All figures are times for a complete program in milliseconds (a bit
approximate on some machines, but reproducable within reasonable bounds).
I give figures for the more saliant systems:  VAX, Tahoe, Gould NP1, Sun
and SGI.  (To tease I also include the RT/PC timings, and no, I am not a
IBM fan.)  The figures from the column 'plain' are when plain HLL code is
used (implying fewer number of bits in a word).
	before	 after	 plain
VAX:	 93550	 58983	211600
Tahoe:	 25117	 22583	 60517
NP1:	 12440	  6900	 39340
RTPC:	 17317	 14100	 47067
SS1:	 16320	 15780	 57060
SGI:	  7740	  6270	 11430
SGI:	  7810	  5580	   *	(using FP; 26 bits/word, no plain timings)
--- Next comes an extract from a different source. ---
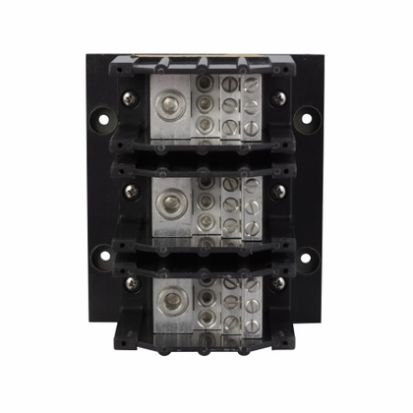 EATON Cutler-Hammer Series CHDB3713 Power Distribution Blocks, Open, 310A, Three-pole, 300kcmil-#4AWG line, (6)#2-#12AWG/(3) 1/0-#12AWG load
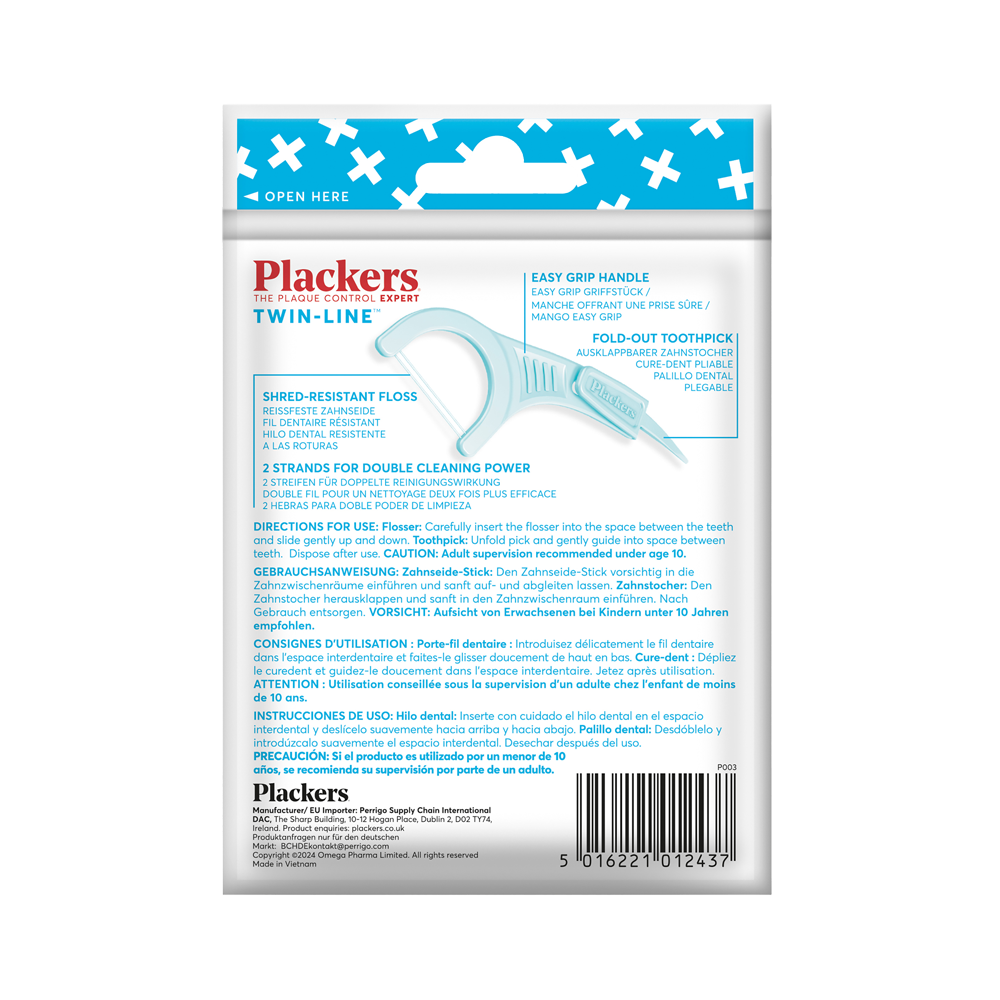 Bild: Plackers Zahnseide Sticks Twin Line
I believe the SGI and SS1 are both 20Mhz machines, I am not sure about the
others.  These figures are from Fortran source, I found very similar figures
for the C source.  What do we find here?  Going from the 'plain' column to
the 'before' column we see the effect in the program of using more bits in
an integer (as Peter Montgomery and Bob Silverman want).  But going from
'before' to 'after' we see the effect of reducing the number of subroutine
calls.  As I said before, the Tahoe does extremely well while the NP1 is
extremely bad for subroutine timings.  (I have similar timings for 14 other
machines, if you want them send me mail.  But not all timings I have are as
complete as these ones.)  (So John, even if the divide on the MIPS requires
several hundreds of instructions, it still comes out at the top!  But I
think that also the quality of compilation of the remainder of the program
plays a role.  It is only some 6000 lines of Fortran source code.)
--
dik t. winter, cwi, amsterdam, nederland
dik@cwi.nl